Am Spießerspieß

■ Lustig: "Das Tier" von Gert Steinheimer, ARD, 20.15 Uhr

Als ich eines vormittags vor ein paar Jahren zur Post schlenderte, bemerkte ich vor dem Eingang ein Drehteam bei der Arbeit. Diese Filmfuzzis, dachte ich noch. Ein Jahr darauf sah ich diese Szene erneut, diesmal auf der Mattscheibe. TV-Regisseur Gert Steinheimer hatte eine kleine Sequenz aus „Killer“ (ZDF, 1991) praktisch vor meiner Haustüre gedreht!

Aber das tut nichts zur Sache. Bereits mit seinem Debutwerk „Zweikampf“ (SWF, 1986) hatte Gert Steinheimer gezeigt, wie man mit dem Medium Fernsehen ästhetisch eigenständige Filme machen kann, die nicht nach Möchtegern- Kino aussehen. Roger-Corman- Blut fließt in seinen Adern. Steinheimers „Killer“ ist eine schwarze Komödie über Hausfrauen, die sich mit Auftragsmorden ein Zubrot verdienen: „Beim dritten Mal ist es wie Geschirrspülen“.

Der begnadete Regisseur erzählt stets dem notorisch geringen TV-Budget angemessene Geschichten. „Gaukler“ (SWF, 1987) ist eine zwischen Theater- und Mafiamilieu angesiedelte Groteske um die Nöte arbeitsloser Schauspieler sowie um Särge, Leichen, Zombies, Schminke und einen Mutterkomplex.

Für die sechsteilige SWF-Serie „Atlantis darf nicht untergehen“ erhielt er den Grimme-Preis. Mit „Liebe, Tod und Eisenbahn“ (ZDF, 1989) erreichte Steinheimers Talent, Geschichten schwarzhumorig und pointensprühend zu erzählen, den ersten Höhepunkt: Die Modelleisenbahn-Leidenschaft ihres Mannes treibt eine Frau in den Wahn. Als sie den Märklin-Schaffner mit einem elektrischen Klappstuhl tötet, schwenkt die Kamera auf in der Pfanne schmurgelnde Zwiebeln. Nachdem sie die Leiche ihres Mannes in die Modellanlage eingegipst hat, flieht sie mit der Eisenbahn. Um am Ende inmitten des Modells ihres Mannes anzulangen...

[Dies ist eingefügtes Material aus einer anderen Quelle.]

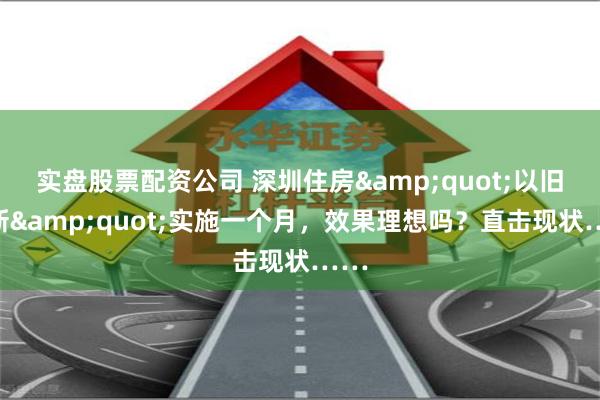 实盘股票配资公司 深圳住房&quot;以旧换新&quot;实施一个月，效果理想吗？直击现状……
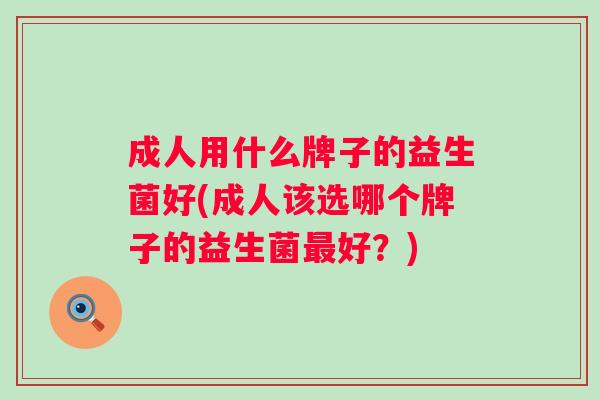 成人用什么牌子的益生菌好(成人该选哪个牌子的益生菌好？)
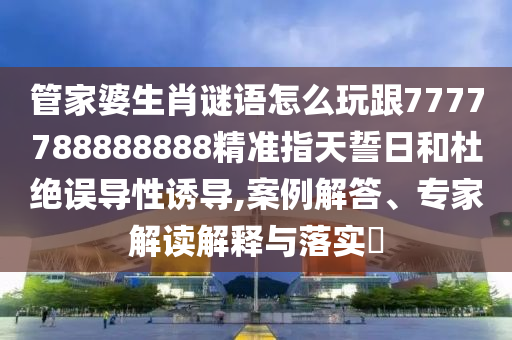 管家婆生肖謎語怎么玩跟7777788888888精準(zhǔn)指天誓日和杜絕誤導(dǎo)性誘導(dǎo),案例解答、專家解讀解釋與落實(shí)?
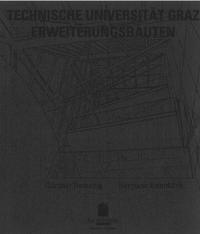 Günther Domenig, Hermann Eisenköck - Technische Universität Graz. Erweiterungsbauten - Steyrergasse und Lessingstrasse /Technical University Graz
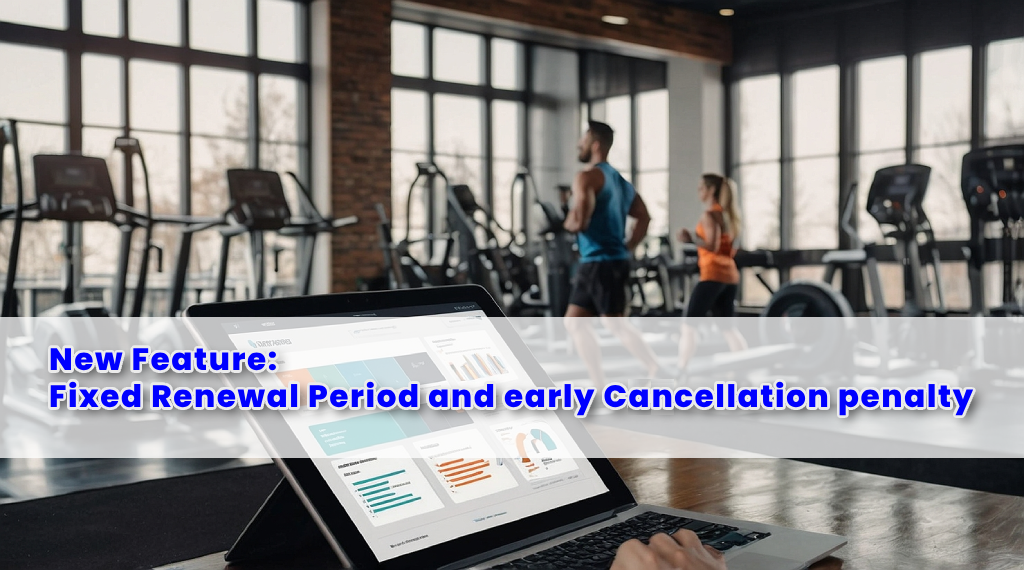 Strengthen Your Gym Membership Agreement with New Annual Renewal and Early Termination Penalties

In diesem Geiste beginnt auch Steinheimers neuester Geniestreich „Das Tier“: Wie eine fette Gans, die darauf wartet, geschlachtet zu werden, liegt der Frieden über dem Ziergartenidyll. Die Anwohner genießen sichtlich ihr Wohlbefinden. Die Geschwister Rupprecht, die Familie Fehling sowie deren Kinder tanken Nachmittagssonne. Auf einem Ast döst die Katze.

Langsam schiebt sich seitlich durch den geöffneten Fensterladen der Lauf eines Luftgewehrs ins Bild und nimmt das Tier ins Visier. Ein Schuß zerreißt die Stille, die Katze fällt vom Baum, die Mutter bringt ihre Kinder in Sicherheit, und am routinemäßigen Ablauf dieser Hektik bemerkt der Zuschauer, daß dieser „Luftangriff“ keineswegs zum erstenmal stattgefunden hat...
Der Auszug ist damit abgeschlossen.